After all we had gone through; I couldn’t understand why he left me. We had made a commitment to stay together till the end. He did not follow through with our agreement. My daughter warned me that he was acting odd and to come home from taking the grand-kids home and sure enough he had taken the motor home and all the money out of the bank. John I and loved hard and fought hard.
My father had just passed away, my job had fallen apart, my co- worker has stage four cancer. I had been John’s caretaker for a hip replacement, cancer and a year before he shop lifted and got caught. He was terrified they would arrest but they didn’t. They just banned him from shopping there. Now this is a man you would never guess in a million years he would do something like that. Of course he did it when we had just had a disagreement. He had an attention hole no one could possible fill.
Right after reconciliation from his alcoholism a week after we were happily living together he collapsed in my arms in our bathroom from blood loss I had to call 911….rushed him to ER.
We discovered he had colon cancer…of course he had signs and he ignored them. I have been surrounded by a lot of close people fighting cancer. I feel like I’m playing dodge ball with it myself.
John was an awesome guy. He was well liked and he loved practical jokes. We both liked living on the edge and looking for adventure in our everyday lives. We both loved the Lord and I put God first. I don’t think John really knew how to live that way. I had a powerful appreciation for Jesus dying on the cross for me. It made me want to live His way. When I try to do my own thing God has always stepped into my life to teach me His way instead of mine and things always were easier and I suffered less with my ear to His spirit. It took many years of hard knocks for me to understand the importance of obeying His spirit. All you have to do is listen. He will let you know. I hoped that my walk with Him would help me to live a better life here on earth.
Then John leaves me. I just wondered how much more I could take. I actually wanted God to take me home as my heart ache was overwhelming.
I’m just shot from it all. I get some wine out and pour a glass.
I’m a light weight so a little has a big effect. I sat on the patio watching my neighbors packing to move and wondered what the hell happened to my life!
Our town homes were directly across from each other. It was like a fishbowl, we saw whatever some one was doing. I saw them smoking which was unusual. I thought, ya I want a cigarette. I’m going to bum one ….My thinking is if you buy a pack you’re a smoker if you bum one your not. So I take my dogs out with this motive to chit chat and have a smoke with them. We only knew each other by walking our dogs…

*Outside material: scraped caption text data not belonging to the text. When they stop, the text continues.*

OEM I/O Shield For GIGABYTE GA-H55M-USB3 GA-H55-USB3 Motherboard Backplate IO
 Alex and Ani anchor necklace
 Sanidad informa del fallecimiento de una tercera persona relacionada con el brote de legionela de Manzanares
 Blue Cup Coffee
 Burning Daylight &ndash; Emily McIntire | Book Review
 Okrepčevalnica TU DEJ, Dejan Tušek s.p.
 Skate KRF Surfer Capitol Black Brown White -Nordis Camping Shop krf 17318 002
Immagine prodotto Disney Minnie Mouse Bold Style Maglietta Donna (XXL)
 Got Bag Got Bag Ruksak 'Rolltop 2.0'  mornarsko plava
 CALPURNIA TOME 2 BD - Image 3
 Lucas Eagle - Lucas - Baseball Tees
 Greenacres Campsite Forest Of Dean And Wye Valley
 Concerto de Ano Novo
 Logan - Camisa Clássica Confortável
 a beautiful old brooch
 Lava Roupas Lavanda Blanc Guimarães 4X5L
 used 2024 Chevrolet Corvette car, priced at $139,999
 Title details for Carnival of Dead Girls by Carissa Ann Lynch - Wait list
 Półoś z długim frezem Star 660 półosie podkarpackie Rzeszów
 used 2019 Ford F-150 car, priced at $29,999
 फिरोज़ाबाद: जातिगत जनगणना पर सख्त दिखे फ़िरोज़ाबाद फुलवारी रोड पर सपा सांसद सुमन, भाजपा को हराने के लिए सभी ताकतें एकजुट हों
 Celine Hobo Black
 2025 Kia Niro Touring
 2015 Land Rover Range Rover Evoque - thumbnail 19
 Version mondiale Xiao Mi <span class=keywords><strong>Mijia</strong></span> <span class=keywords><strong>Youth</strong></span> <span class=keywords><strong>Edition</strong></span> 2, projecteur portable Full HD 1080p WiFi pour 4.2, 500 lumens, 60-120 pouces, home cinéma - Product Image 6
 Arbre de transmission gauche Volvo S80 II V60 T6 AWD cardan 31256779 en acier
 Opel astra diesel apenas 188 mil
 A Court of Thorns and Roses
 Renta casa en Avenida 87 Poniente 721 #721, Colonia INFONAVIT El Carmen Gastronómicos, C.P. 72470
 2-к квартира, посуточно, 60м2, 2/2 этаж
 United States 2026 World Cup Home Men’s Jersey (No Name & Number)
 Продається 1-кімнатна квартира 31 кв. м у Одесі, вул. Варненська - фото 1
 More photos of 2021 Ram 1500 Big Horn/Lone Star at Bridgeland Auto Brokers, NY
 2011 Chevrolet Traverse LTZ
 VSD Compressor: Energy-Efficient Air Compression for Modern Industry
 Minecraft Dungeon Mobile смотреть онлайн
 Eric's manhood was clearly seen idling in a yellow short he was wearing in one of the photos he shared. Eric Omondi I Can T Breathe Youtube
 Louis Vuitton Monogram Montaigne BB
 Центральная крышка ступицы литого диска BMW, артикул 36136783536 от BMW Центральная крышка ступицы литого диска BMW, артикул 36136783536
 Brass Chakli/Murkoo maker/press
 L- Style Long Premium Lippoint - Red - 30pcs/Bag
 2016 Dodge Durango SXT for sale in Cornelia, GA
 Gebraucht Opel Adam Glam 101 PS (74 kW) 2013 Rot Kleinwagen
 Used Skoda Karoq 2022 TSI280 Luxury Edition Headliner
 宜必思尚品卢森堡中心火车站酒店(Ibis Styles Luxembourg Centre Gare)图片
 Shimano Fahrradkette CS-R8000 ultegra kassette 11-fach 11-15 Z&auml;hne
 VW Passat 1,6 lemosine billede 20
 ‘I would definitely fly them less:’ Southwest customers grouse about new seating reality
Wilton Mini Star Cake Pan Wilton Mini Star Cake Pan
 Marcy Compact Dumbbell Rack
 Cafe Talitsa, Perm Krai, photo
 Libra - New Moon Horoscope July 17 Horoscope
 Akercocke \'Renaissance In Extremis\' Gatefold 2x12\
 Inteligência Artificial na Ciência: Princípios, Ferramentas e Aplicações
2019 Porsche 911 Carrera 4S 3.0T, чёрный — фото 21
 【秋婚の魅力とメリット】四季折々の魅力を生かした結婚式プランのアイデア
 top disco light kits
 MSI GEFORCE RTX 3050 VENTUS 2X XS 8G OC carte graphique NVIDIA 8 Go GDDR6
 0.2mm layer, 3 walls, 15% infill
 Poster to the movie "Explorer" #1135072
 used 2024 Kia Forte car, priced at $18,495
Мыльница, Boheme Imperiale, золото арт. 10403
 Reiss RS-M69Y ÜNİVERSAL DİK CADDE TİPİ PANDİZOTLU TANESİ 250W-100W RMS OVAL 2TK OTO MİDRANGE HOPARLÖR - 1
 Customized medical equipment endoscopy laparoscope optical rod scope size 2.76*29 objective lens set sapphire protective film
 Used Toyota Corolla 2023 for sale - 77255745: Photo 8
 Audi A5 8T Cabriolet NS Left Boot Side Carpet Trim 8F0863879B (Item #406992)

I told them my husband had left me. She said” he’s a nice guy but when he puts on the jewelry, make up and women’s. clothes…I said “WHAT!?” her husband was grinning and I said “what did you see” They both described different times and what he was wearing. They thought that I knew because the whole neighborhood knew. I was in shock. I work out of the home. His office was in our home so he was there a lot more than me….My first thought was free pass out of jail. The next day I asked two more neighbors and sure enough they had seen him. I called John and confronted him and he did not deny it. He came home with an extremely down spirit as he knew everything was unraveling.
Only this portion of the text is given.